* Brief
Among the entries below, find the lines holding "Black" and copy them.

* Provided information

────────

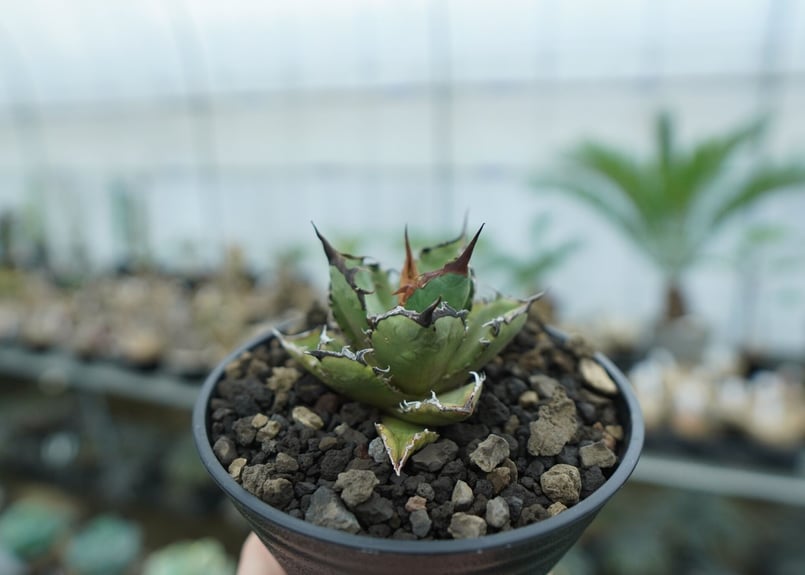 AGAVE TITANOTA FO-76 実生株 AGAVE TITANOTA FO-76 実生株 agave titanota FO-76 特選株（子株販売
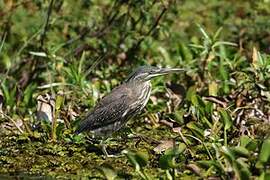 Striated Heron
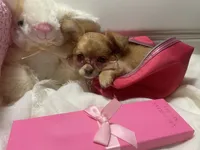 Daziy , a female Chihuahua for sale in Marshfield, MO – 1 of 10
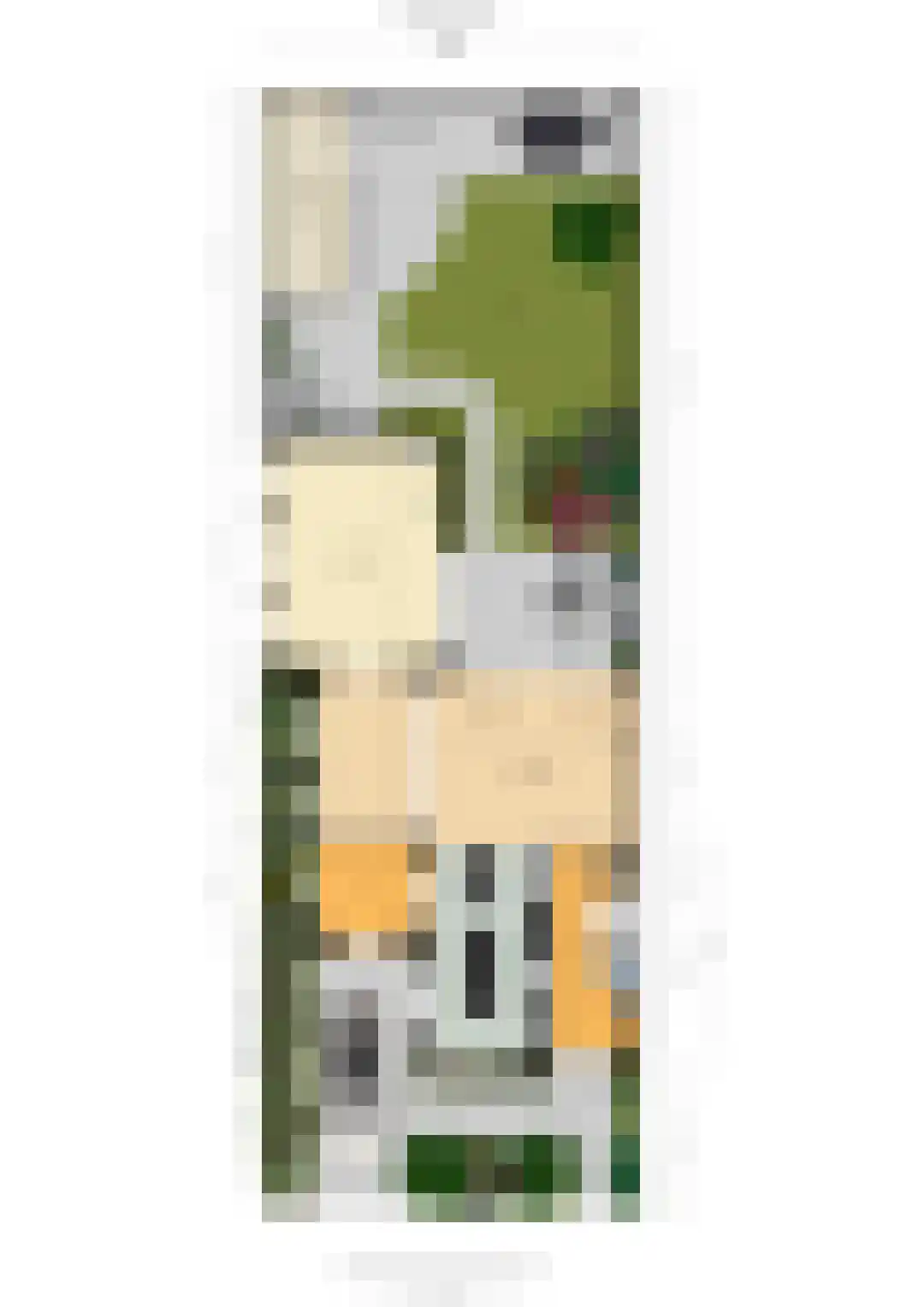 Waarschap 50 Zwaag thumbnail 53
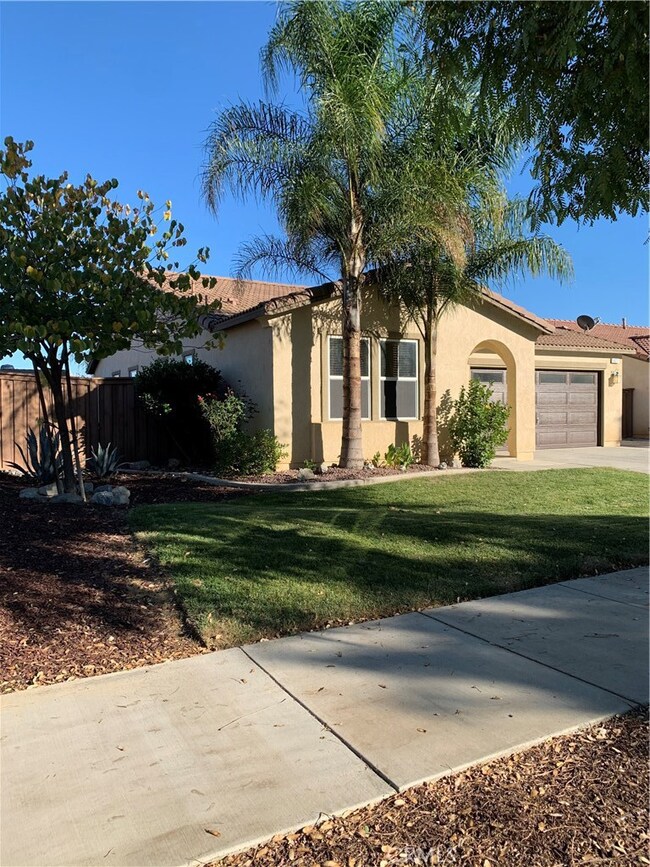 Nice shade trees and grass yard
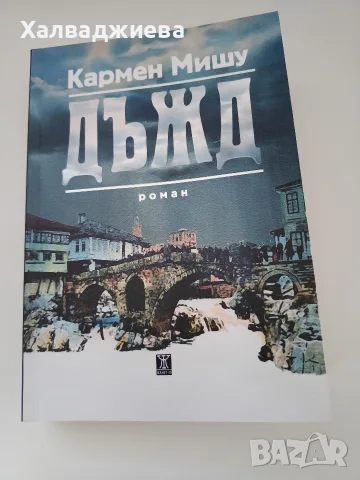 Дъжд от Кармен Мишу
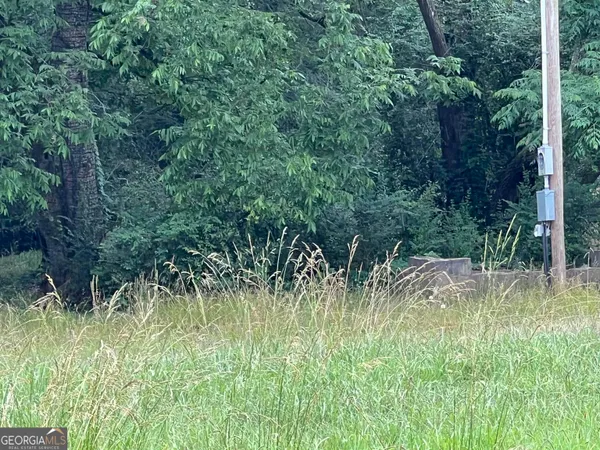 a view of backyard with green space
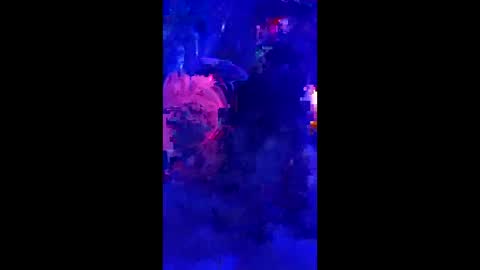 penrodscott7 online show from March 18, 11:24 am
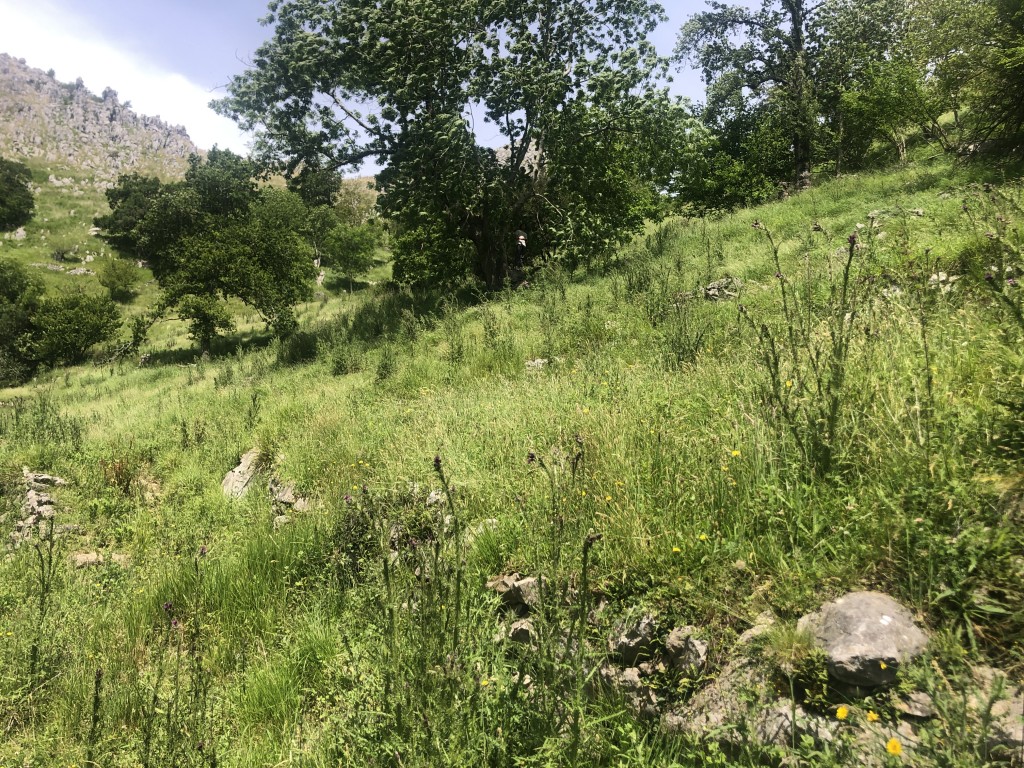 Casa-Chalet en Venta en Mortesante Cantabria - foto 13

────────

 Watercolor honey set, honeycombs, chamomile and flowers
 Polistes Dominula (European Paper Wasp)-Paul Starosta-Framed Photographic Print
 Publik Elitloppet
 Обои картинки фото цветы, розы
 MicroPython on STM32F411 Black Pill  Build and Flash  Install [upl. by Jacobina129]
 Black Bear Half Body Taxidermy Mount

────────

* The answer
 MicroPython on STM32F411 Black Pill  Build and Flash  Install [upl. by Jacobina129]
 Black Bear Half Body Taxidermy Mount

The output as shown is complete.